I'd recommend you re-read through the experiences posted in the thread. You're suggestions mean nothing with people like this....


----------



## Driftweed (Nov 7, 2012)

On a positive note: the lead maintenance guy quit & went to a larger complex. He invited me to come along.


----------



## tedanderson (May 19, 2010)

There is a joke about this guy who went into the woods and attempted to hunt the same bear 3 times. Unfortunately he got rammed in the rear by the bear each time he went. Eventually the bear asked, "You don't come out here for the hunting, do you?" (google it if you don't know it)

This thread made me think of that joke. If you get burned, whether or not you go back and do business with them again is a no-brainer.


----------



## Driftweed (Nov 7, 2012)

I tell ya, this forum has instilled good business practices in me whether i liked it or not. Sometimes things just don't add up. I was like "wtf" when approached about returning. Especially since a respected supplier kept going back.

IF I would ever have returned, it would have been because a good friend (the maint foreman) would have brokered something to work.
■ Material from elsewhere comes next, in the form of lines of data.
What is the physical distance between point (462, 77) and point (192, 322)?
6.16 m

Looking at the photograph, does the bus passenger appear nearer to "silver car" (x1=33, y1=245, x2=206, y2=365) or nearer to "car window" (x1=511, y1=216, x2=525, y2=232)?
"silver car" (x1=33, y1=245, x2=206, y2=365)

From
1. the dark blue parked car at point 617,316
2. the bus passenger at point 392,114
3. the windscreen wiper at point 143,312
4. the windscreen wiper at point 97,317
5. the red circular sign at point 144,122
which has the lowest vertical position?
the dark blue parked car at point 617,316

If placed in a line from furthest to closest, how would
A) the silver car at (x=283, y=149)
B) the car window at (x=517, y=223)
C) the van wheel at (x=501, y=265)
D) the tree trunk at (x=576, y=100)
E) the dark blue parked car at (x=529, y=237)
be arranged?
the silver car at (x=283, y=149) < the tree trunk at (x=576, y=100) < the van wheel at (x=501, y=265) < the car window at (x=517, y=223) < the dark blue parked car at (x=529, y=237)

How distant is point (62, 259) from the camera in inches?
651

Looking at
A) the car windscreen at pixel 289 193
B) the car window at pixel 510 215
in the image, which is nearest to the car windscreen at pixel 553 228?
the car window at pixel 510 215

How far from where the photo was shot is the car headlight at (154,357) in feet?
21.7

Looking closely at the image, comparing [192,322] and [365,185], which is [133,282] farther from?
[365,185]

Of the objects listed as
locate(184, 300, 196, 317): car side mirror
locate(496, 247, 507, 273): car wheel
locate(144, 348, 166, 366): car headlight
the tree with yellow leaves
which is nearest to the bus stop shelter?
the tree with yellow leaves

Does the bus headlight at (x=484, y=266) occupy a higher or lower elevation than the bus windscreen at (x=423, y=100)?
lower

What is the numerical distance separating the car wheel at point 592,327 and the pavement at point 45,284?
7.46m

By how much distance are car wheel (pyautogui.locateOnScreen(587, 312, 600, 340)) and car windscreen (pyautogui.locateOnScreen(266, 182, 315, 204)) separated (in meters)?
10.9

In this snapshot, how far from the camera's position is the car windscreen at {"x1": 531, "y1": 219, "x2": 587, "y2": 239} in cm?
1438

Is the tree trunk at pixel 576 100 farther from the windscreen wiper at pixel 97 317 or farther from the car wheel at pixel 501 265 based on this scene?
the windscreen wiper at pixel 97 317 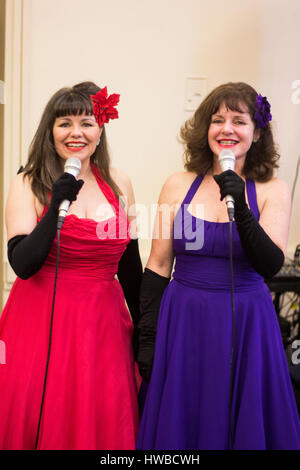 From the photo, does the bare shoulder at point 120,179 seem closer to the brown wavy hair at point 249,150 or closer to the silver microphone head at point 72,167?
the brown wavy hair at point 249,150

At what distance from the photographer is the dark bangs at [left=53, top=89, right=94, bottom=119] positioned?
51.9 inches

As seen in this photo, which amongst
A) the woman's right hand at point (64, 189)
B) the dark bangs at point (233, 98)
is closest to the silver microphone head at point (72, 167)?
the woman's right hand at point (64, 189)

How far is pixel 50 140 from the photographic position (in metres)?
1.35

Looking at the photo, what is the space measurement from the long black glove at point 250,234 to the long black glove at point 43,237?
0.36m

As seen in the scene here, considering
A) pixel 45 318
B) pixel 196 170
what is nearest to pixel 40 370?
pixel 45 318

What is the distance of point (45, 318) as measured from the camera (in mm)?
1253

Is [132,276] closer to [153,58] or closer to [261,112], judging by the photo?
[261,112]

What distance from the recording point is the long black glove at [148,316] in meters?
1.37

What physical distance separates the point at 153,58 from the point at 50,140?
1051 mm

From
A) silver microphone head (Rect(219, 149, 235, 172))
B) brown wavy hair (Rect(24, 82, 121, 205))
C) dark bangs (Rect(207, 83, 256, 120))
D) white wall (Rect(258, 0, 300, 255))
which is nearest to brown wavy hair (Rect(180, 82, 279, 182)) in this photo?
A: dark bangs (Rect(207, 83, 256, 120))

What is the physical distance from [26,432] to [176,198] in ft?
2.52

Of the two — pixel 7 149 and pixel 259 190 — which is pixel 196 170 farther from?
pixel 7 149

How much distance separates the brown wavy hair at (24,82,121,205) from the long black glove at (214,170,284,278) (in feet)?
1.58

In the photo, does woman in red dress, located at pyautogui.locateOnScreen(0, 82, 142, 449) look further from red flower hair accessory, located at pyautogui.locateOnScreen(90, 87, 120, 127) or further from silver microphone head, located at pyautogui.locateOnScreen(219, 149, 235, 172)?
silver microphone head, located at pyautogui.locateOnScreen(219, 149, 235, 172) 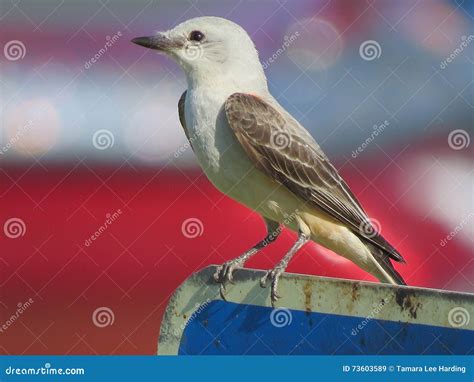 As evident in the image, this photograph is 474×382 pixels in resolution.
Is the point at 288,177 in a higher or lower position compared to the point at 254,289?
higher

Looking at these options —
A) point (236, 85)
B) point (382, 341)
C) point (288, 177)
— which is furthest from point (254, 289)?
point (236, 85)

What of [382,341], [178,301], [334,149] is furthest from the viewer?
[334,149]

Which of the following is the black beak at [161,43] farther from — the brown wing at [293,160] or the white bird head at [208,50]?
the brown wing at [293,160]

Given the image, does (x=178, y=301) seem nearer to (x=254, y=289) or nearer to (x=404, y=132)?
(x=254, y=289)

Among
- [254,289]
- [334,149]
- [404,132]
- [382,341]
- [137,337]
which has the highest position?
[404,132]

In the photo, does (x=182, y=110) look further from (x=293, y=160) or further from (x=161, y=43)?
(x=293, y=160)

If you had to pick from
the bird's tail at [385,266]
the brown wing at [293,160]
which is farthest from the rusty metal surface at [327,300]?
the bird's tail at [385,266]

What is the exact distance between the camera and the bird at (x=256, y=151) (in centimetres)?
390

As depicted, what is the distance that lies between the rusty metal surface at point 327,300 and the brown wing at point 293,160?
119cm

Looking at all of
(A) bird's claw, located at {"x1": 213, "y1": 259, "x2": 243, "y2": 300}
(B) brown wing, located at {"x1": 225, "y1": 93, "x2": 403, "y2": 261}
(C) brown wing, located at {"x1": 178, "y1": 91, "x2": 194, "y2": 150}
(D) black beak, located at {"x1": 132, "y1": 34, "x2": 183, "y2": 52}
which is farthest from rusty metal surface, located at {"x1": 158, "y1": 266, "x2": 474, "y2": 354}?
(D) black beak, located at {"x1": 132, "y1": 34, "x2": 183, "y2": 52}

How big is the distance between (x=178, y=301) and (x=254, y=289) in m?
0.23

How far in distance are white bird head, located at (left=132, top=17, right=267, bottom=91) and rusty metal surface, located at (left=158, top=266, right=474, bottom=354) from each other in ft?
4.86

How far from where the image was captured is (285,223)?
4.04 meters

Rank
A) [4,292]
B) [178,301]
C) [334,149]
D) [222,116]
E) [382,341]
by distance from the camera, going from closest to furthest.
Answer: [382,341] → [178,301] → [222,116] → [334,149] → [4,292] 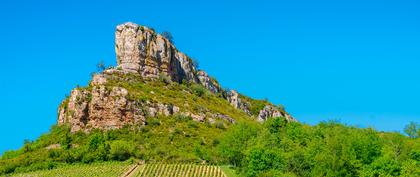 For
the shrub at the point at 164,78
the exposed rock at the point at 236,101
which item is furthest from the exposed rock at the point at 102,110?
the exposed rock at the point at 236,101

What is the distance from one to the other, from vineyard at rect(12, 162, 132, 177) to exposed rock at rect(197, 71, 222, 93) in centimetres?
6626

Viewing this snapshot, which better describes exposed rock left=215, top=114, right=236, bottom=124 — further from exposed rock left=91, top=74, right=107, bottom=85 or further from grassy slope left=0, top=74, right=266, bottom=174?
exposed rock left=91, top=74, right=107, bottom=85

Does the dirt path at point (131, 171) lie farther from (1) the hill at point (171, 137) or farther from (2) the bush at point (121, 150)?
(2) the bush at point (121, 150)

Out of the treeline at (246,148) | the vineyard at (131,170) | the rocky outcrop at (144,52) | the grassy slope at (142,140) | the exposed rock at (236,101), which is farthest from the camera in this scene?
the exposed rock at (236,101)

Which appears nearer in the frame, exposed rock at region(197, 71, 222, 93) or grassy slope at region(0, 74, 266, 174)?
grassy slope at region(0, 74, 266, 174)

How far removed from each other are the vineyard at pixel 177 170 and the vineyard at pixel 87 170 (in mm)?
3079

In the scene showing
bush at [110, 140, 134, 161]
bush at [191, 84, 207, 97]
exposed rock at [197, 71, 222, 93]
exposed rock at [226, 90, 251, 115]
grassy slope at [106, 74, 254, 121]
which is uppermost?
exposed rock at [197, 71, 222, 93]

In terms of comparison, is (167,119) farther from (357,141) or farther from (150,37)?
(357,141)

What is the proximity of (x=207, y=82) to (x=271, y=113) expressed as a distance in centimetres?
2000

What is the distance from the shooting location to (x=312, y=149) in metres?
85.2

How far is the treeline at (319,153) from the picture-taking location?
251 ft

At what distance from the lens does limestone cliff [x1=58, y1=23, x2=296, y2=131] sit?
11856cm

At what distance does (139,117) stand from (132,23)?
1409 inches

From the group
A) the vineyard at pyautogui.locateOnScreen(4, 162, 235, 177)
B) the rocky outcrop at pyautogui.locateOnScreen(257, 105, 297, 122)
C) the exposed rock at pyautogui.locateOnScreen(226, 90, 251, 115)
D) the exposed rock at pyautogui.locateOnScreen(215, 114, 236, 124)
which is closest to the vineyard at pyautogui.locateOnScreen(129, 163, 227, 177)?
the vineyard at pyautogui.locateOnScreen(4, 162, 235, 177)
Now that he has left that company, no way would I go back.


----------



## KermieB (Jul 27, 2012)

How big is this "Supplier" that you keep talking about? If it's somebody with corporate resources, then they are in NO WAY, SHAPE, OR FORM even remotely similar to you. If it's a national company, they have deep pockets, millions in inventory, and lawyers on staff. They have most likely (and obviously, I don't know the facts) sued these people with enough gusto to get their money. 

The deadbeat customer is playing you because he thinks you need the business, and even if you DO need the business, you don't need business that doesn't pay and costs you money out of your pocket.

I literally, could go to work seven days a week, 52 weeks a year and never run out of work..... if I worked for free.


----------



## bartstop (Dec 9, 2013)

Driftweed said:


> backstory:
> 
> Had a complex burn me for $6k. Liened & all that legal headache. While doing work, I referred my local paint & floor shop and helped get them in the door.
> 
> ...


WTF are you thinking? They stiffed you for $6000! Renegotiation? You've got to be kidding me. :no:


----------